**Work required**
Skip the pictures. Output only the lines below starting at the line with "2016-volkswagen-beetle-dune_100533691_l.jpg" and ending at the line with "bulle de savon（ビュルデサボン）の「コットン/キュプラ", both ends included, exactly as they are.

**Records supplied**

****************

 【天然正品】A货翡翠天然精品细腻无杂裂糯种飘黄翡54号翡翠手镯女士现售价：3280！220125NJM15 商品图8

****************

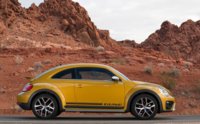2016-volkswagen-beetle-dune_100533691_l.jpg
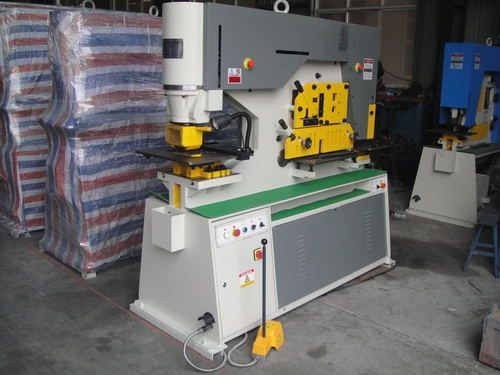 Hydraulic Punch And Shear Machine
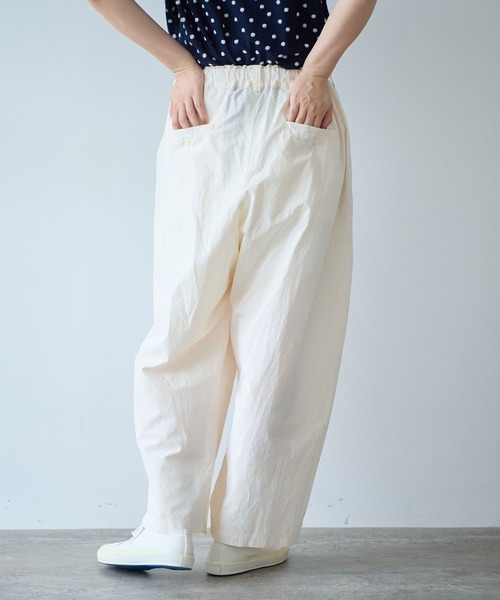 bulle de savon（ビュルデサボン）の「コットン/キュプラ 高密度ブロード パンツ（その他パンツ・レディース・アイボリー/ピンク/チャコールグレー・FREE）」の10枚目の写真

****************

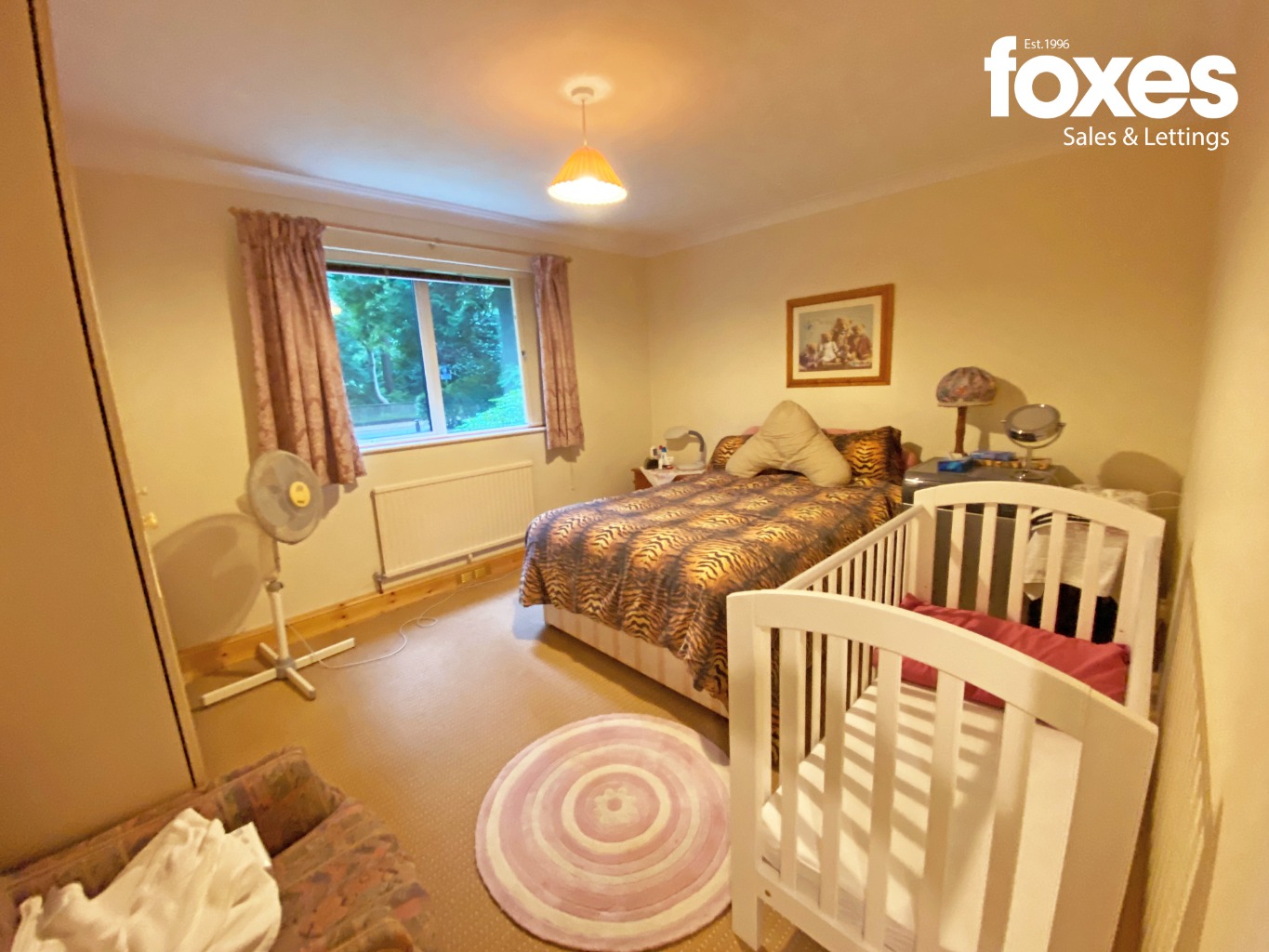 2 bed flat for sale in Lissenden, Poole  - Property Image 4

****************

**Response to the exercise**
2016-volkswagen-beetle-dune_100533691_l.jpg
 Hydraulic Punch And Shear Machine
 bulle de savon（ビュルデサボン）の「コットン/キュプラ 高密度ブロード パンツ（その他パンツ・レディース・アイボリー/ピンク/チャコールグレー・FREE）」の10枚目の写真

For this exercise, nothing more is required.